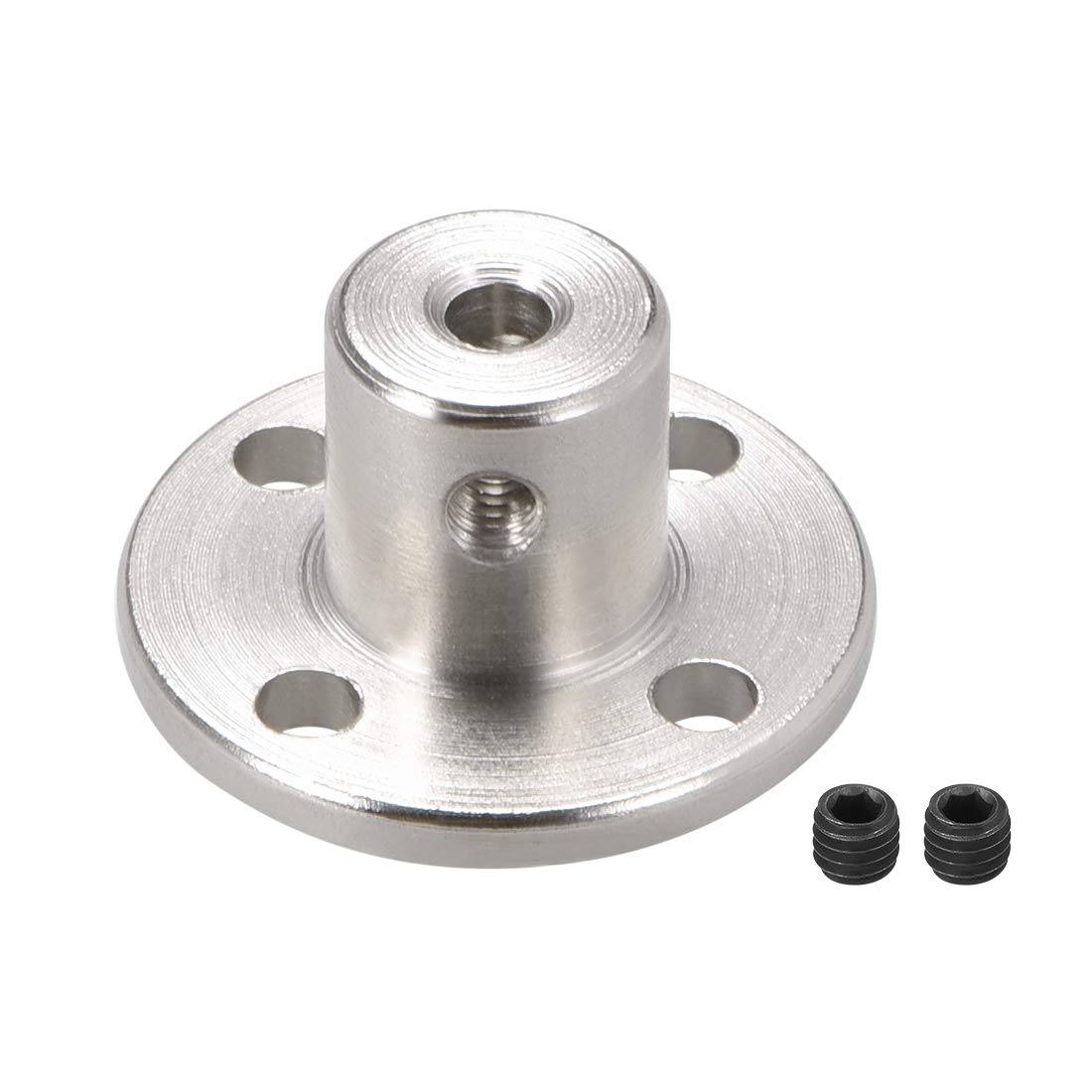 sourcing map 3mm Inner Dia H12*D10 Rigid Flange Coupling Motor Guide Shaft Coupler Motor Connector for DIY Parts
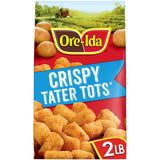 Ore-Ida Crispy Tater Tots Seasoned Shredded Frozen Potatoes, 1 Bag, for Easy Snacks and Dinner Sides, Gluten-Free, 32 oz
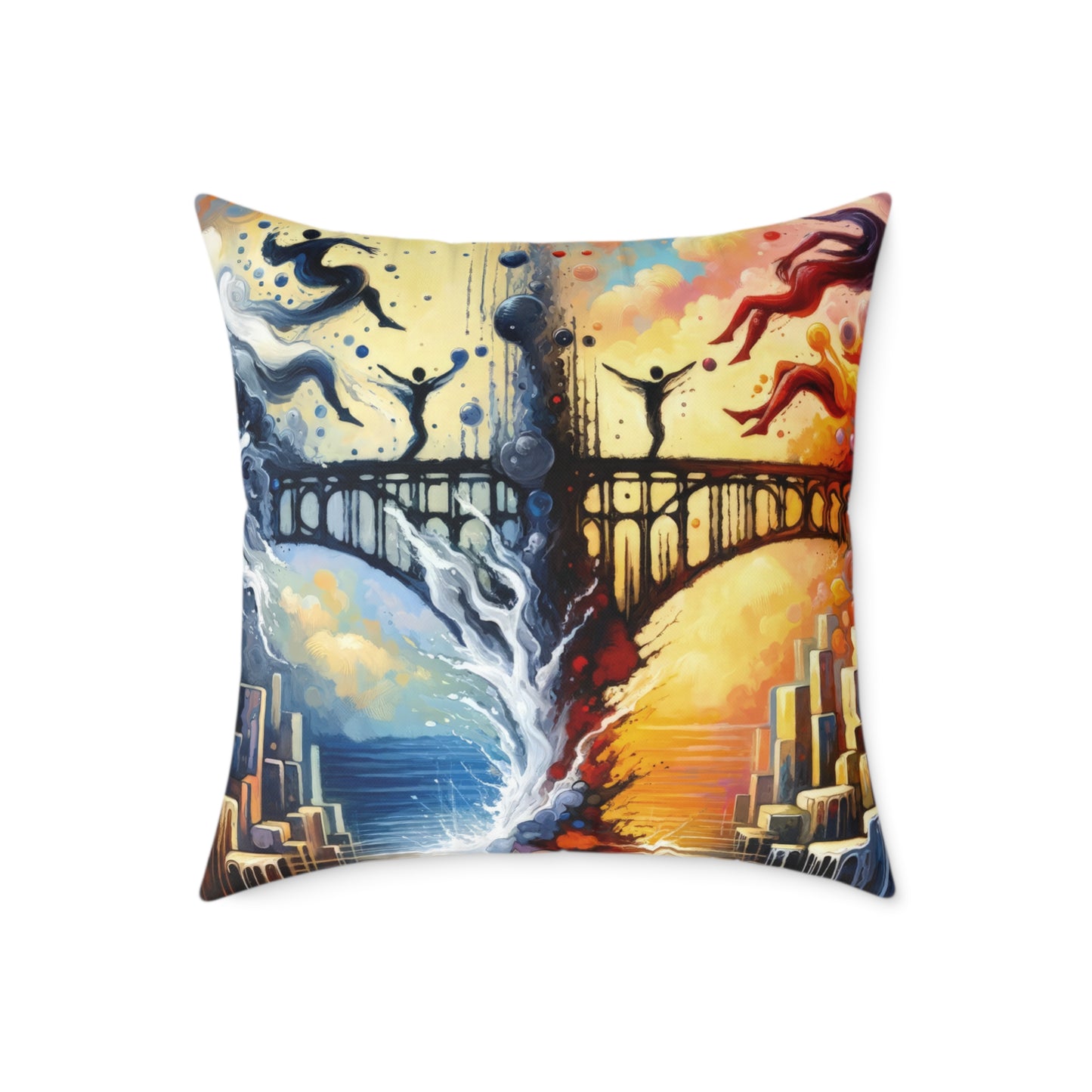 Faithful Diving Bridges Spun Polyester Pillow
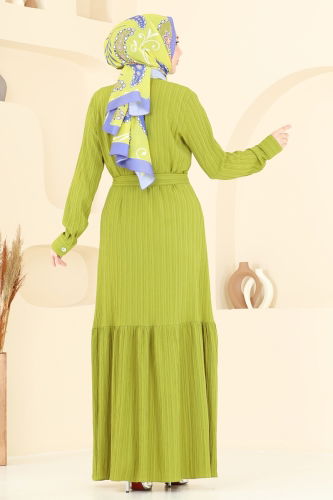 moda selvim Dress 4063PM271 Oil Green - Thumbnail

★ ★ ★ ★

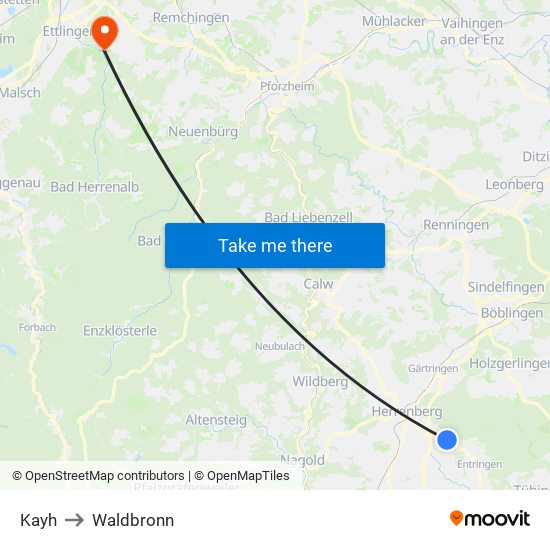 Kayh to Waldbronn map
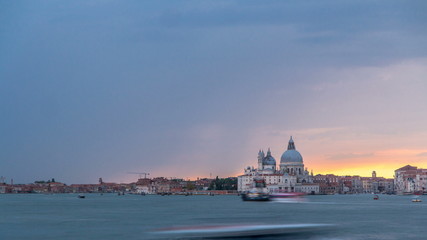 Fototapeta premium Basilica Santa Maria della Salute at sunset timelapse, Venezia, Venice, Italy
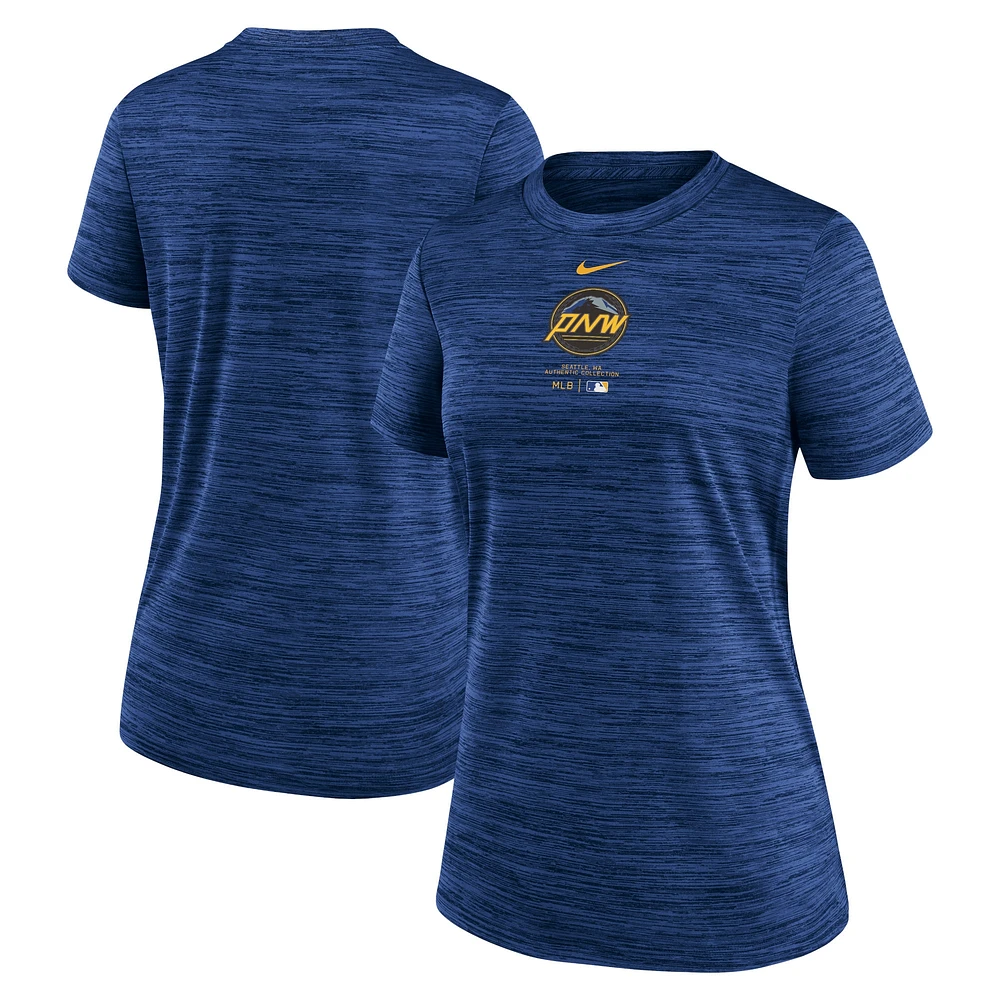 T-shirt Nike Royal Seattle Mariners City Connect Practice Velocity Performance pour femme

★ ★ ★ ★

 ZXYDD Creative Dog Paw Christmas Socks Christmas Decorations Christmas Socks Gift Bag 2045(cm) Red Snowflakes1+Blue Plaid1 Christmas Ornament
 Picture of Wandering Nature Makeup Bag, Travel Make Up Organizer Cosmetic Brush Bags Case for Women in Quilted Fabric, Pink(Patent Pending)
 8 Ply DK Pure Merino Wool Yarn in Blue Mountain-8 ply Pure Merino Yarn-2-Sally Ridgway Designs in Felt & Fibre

★ ★ ★ ★

#### TASK STATEMENT
In the listing above, find every line with the word "Blue" and copy it.

#### TASK SOLUTION
 ZXYDD Creative Dog Paw Christmas Socks Christmas Decorations Christmas Socks Gift Bag 2045(cm) Red Snowflakes1+Blue Plaid1 Christmas Ornament
 8 Ply DK Pure Merino Wool Yarn in Blue Mountain-8 ply Pure Merino Yarn-2-Sally Ridgway Designs in Felt & Fibre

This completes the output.